TASK:
All lines below must be repeated exactly, with the pictures omitted.

ENTRIES SUPPLIED:
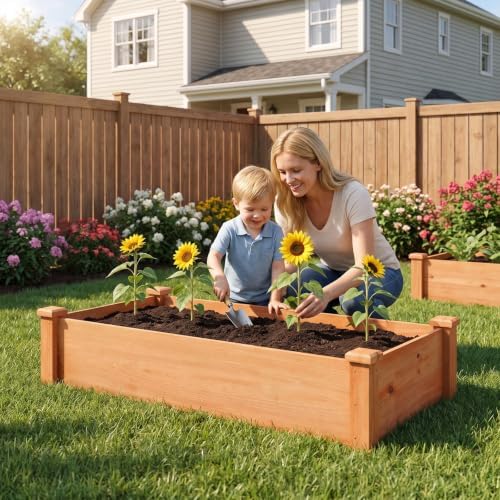 GIANTEX 48" Wooden Raised Garden Bed, Rectangular Planter Box, Orange - Image 3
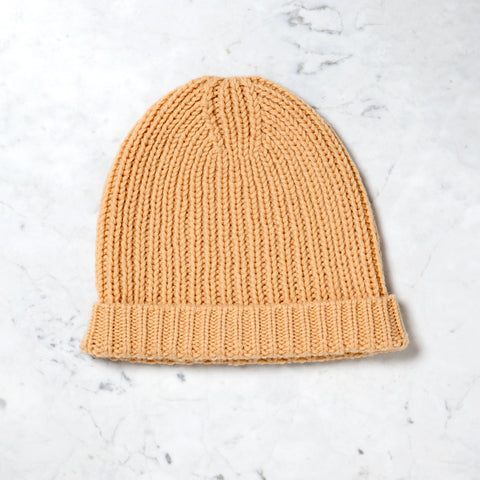 Beige Cashmere Blend Beanie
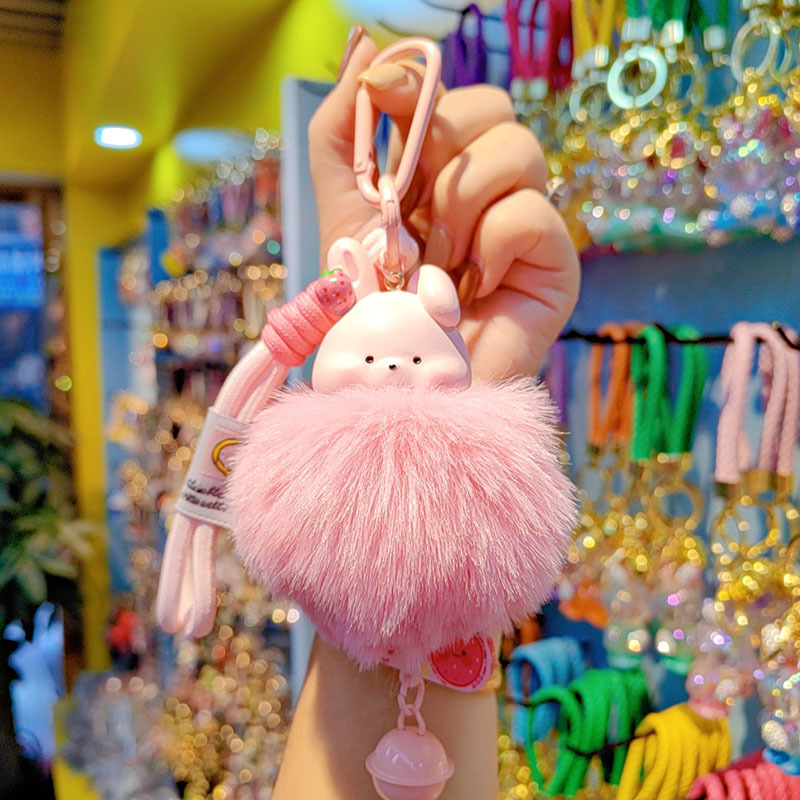 Caricatura encantadora fruta animal campana llavero pareja llavero de automóvil bolso de teléfono móvil peluche colgante decoración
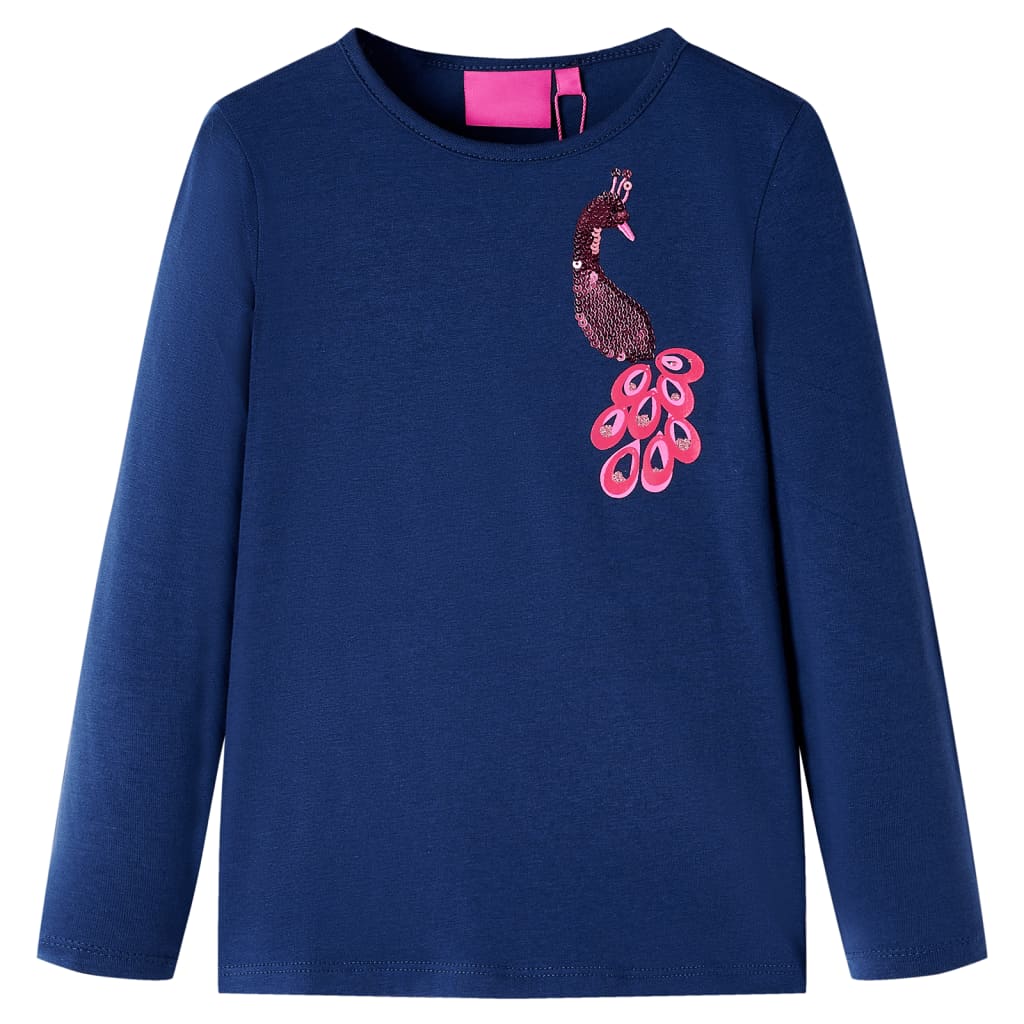 VidaXL Kindershirt mit langen Ärmeln 92 Marineblau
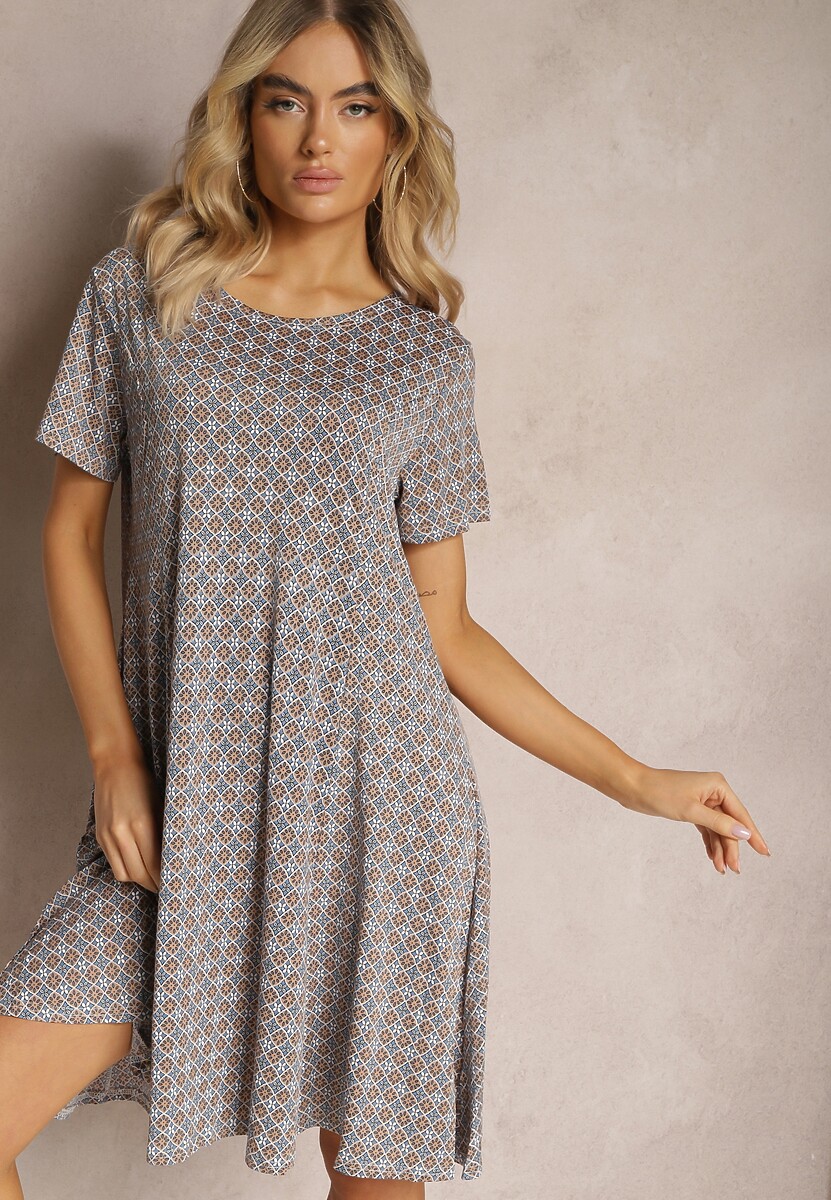 Zielono-Beżowa Sukienka Mini z Wiskozy z Rozkloszowanym Dołem Lontassa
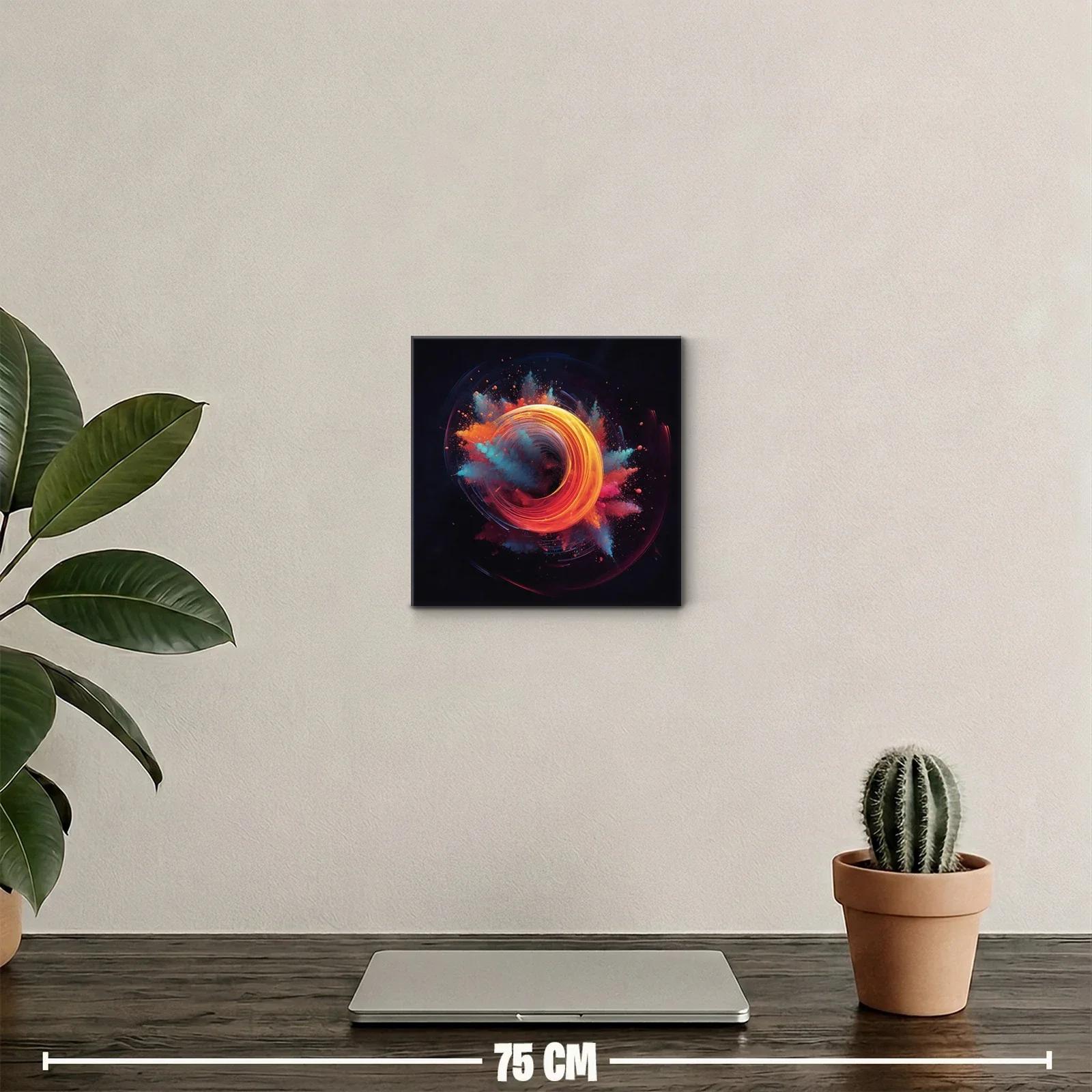 Cuadro Abstracto con Explosión de Colores y Movimiento Circular — miniatura 2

RESULT:
 GIANTEX 48" Wooden Raised Garden Bed, Rectangular Planter Box, Orange - Image 3
 Beige Cashmere Blend Beanie
 Caricatura encantadora fruta animal campana llavero pareja llavero de automóvil bolso de teléfono móvil peluche colgante decoración
 VidaXL Kindershirt mit langen Ärmeln 92 Marineblau
 Zielono-Beżowa Sukienka Mini z Wiskozy z Rozkloszowanym Dołem Lontassa
 Cuadro Abstracto con Explosión de Colores y Movimiento Circular — miniatura 2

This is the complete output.